Camargue Province

The Camargue (Camarga or Camargo in Occitan) is the space formed by the swampy delta of the Rhone River.

Camargue is a spacious strip of land of 145,300 hectares in southern France, situated geographically between the two main arms of the Rhone delta and the Mediterranean Sea.  The territory spreads to the east to the plain of the Crau, to the west to Aigues-Mortes, and to the north to Beaucaire.  It therefore comprises the departments of Bouches-du-Rhone and Gard.

Camargue is categorized as three parts, being Petite Camargue, in the west of the Petit Rhone, Grande Camargue, between the two arms of the Rhone, and Plan du Bourg, east of the Grand Rhone.

Camargue is located mainly in the territory of the municipalities of Arles, which is the largest town in metropolitan France, Saintes-Maries-de-la-Mer, and Port St. Louis du Rhone.    The northern part is made up of farmland, and the southern part consists of marshes and salt lakes which form a particular ecosystem.  This ecosystem has vegetation consisting mainly of samphire and salt-tolerant plants The Etang du Vaccares (Pond of Vaccares) is in the centre of Camargue, and the stretch along the sea is lined with salt ponds.

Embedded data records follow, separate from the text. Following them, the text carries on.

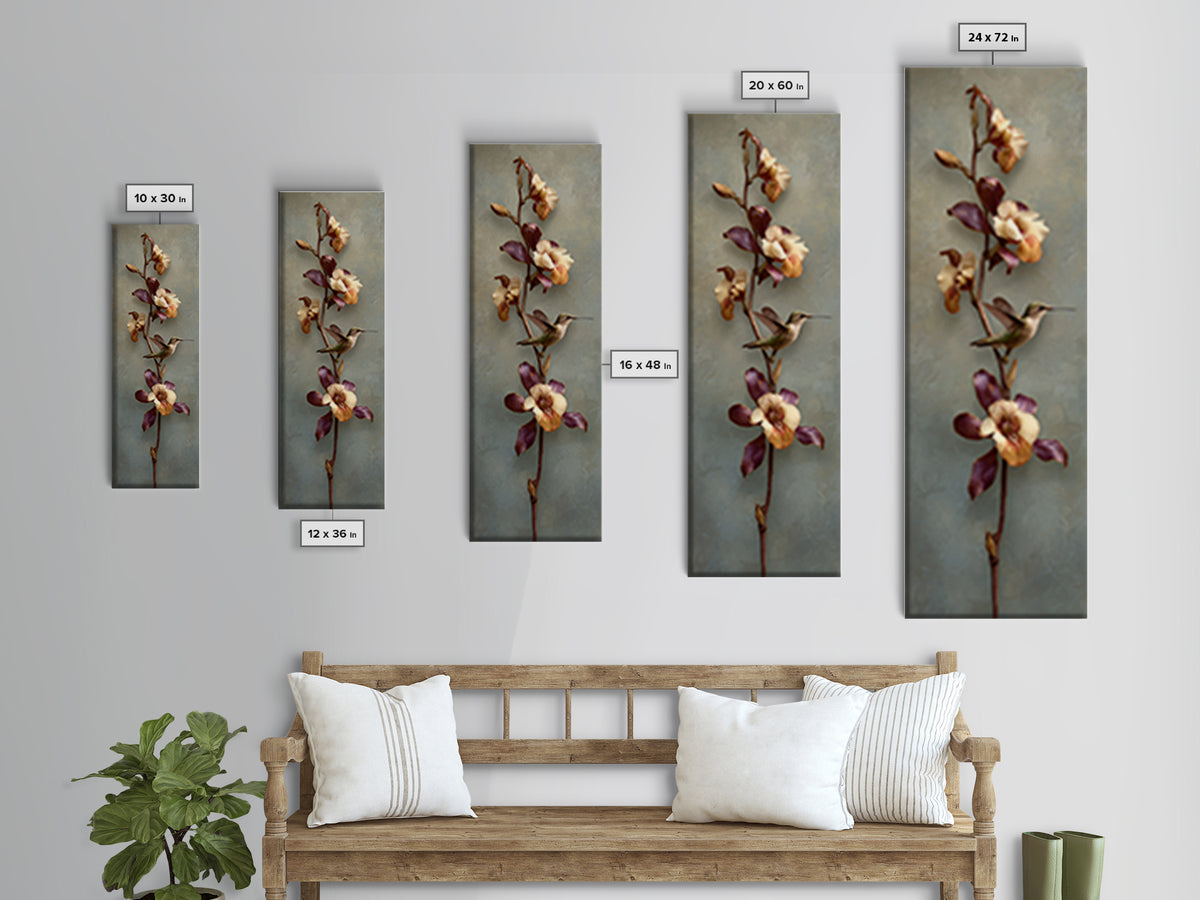 Orchid and Hummingbird Composition Canvas Print, Tropical Art, Room Decor, Living Room Decor, Fine Art, Tropic, Printable, TRO-1x3-94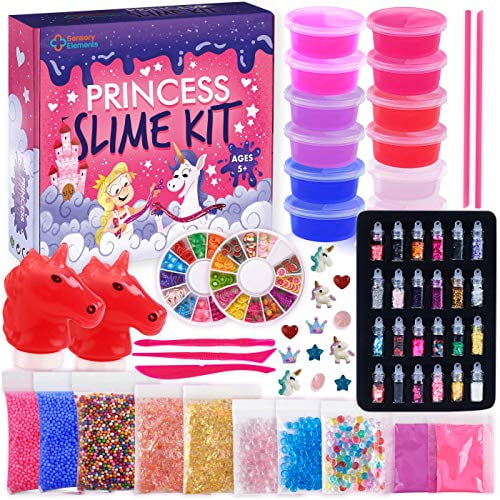 Princess Slime Kit for Girls - Water Based Colorful Premade Slime, Glow in the Dark, 24 Glitter Powder, Ultimate Diy Pink Crystal Clear Unicorn Slime Kit for Girls Gift for 5 6 7 8 9 10 11 12 Yea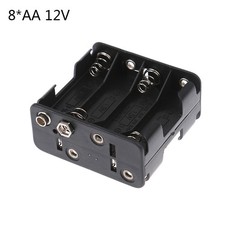 8 AA 12V Battery Clip Slot Storage Holder Box Case With 9V Snap Connec-Q6 A3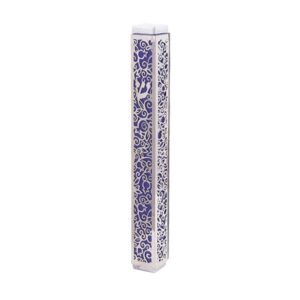 Purple Mezuzah Case Decorated with a Pomegranate Cutout - Fits Any Scroll up to 12 cm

It is also an area for raising horses and bulls, rice farming and salt mining (from the salt marshes).  Its particular flora and fauna led to the creation of a national nature reserve in 1927, encompassing 13,117 hectares.  The Regional Natural Park of Camargue was created in 1970 on 30,000 hectares. The annual evaporation rate is more important than the contribution from rainfall.  It is the river that makes the difference and thus helps the region avoid being burned by salt.

The Camargue is a site of both European importance and major national importance for local birds, for migratory, and especially for wintering birds.   From 2000-2005, the site has been ranked as the number one location in France for its number of wintering birds each year. Approximately 122,000 birds can be found in the Camargue, followed by the Arcachon basin, which hosts 105,000. The Camargue is also known for its pink flamingos.

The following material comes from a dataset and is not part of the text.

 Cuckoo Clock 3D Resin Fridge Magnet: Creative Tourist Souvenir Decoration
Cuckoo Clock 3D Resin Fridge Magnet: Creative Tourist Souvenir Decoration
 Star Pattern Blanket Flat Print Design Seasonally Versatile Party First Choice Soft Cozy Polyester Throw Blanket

The coasts of the Camargue undergo intense and contrasting transformations.  There are areas of sea erosion around Saintes-Maries-de-la-mer, and opposite Faraman there are areas of deposits and silting, primarily around the mouth of the Grand Rhone Beauduc and lighthouse Espiguette (Grau-du-Roi). And, because the area is in the delta lowlands, it has begun to feel the effects of global warming.  These effects include rising salt content, which is linked to the rising sea level.